Task description: Your response should contain exactly the lines running from the one with "Bolso de hombro" to the end of the data below, both included, and no pictures.
(Collected material begins)
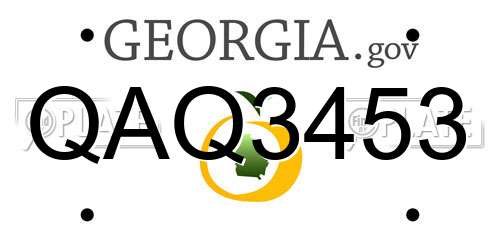 QAQ3453 Georgia License Plate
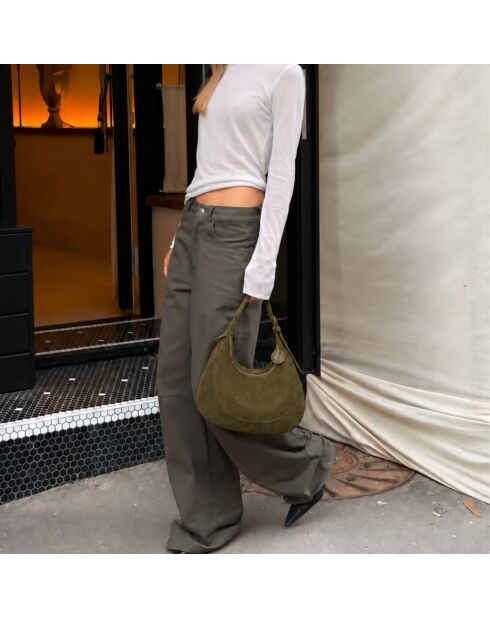 Bolso de hombro Tina de piel caqui - 34 x 23 x 7 cm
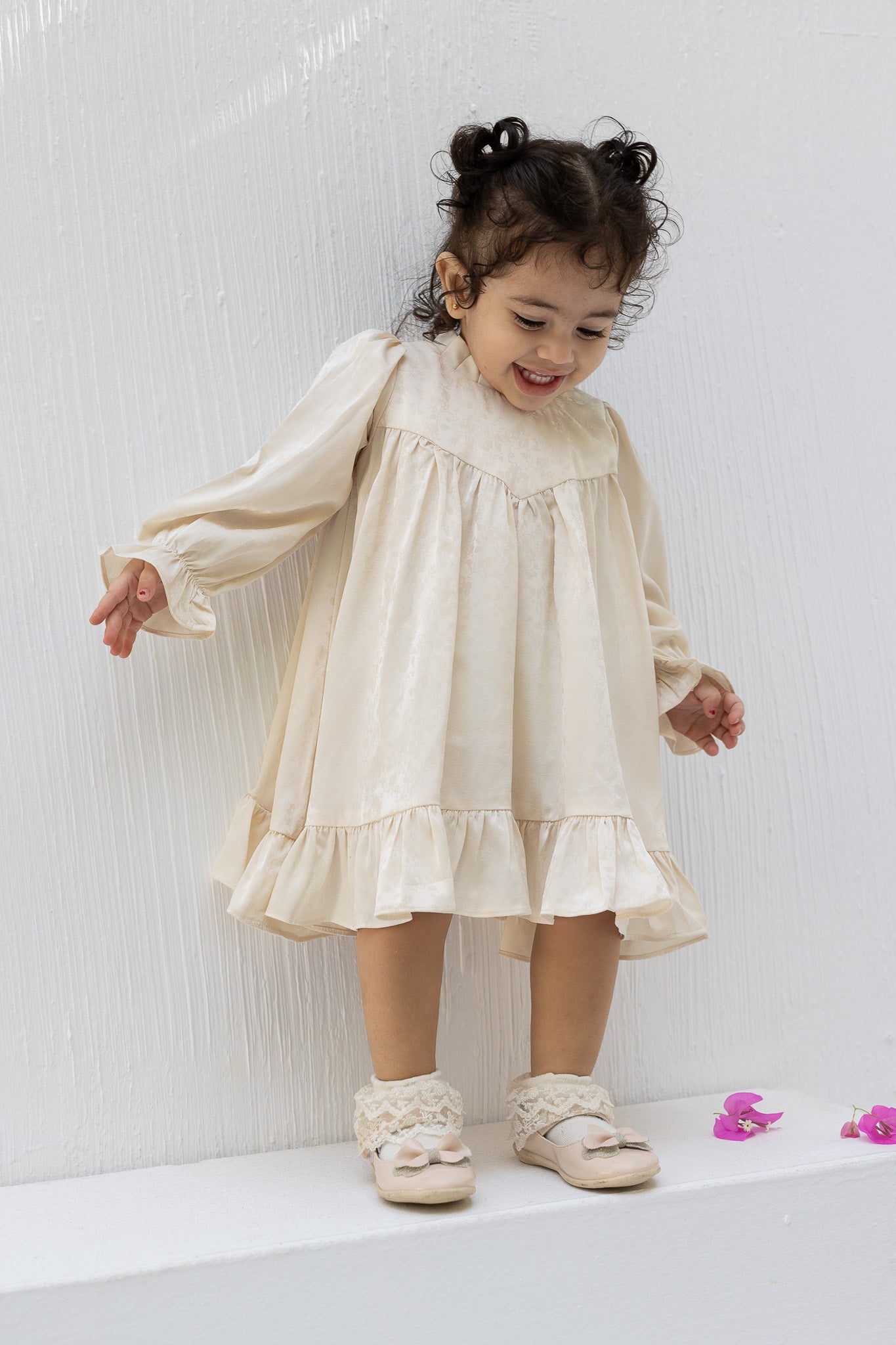 Elegant Ivory Baby Dress with Frill Details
(Collected material ends)
Solution below:
 Bolso de hombro Tina de piel caqui - 34 x 23 x 7 cm
 Elegant Ivory Baby Dress with Frill Details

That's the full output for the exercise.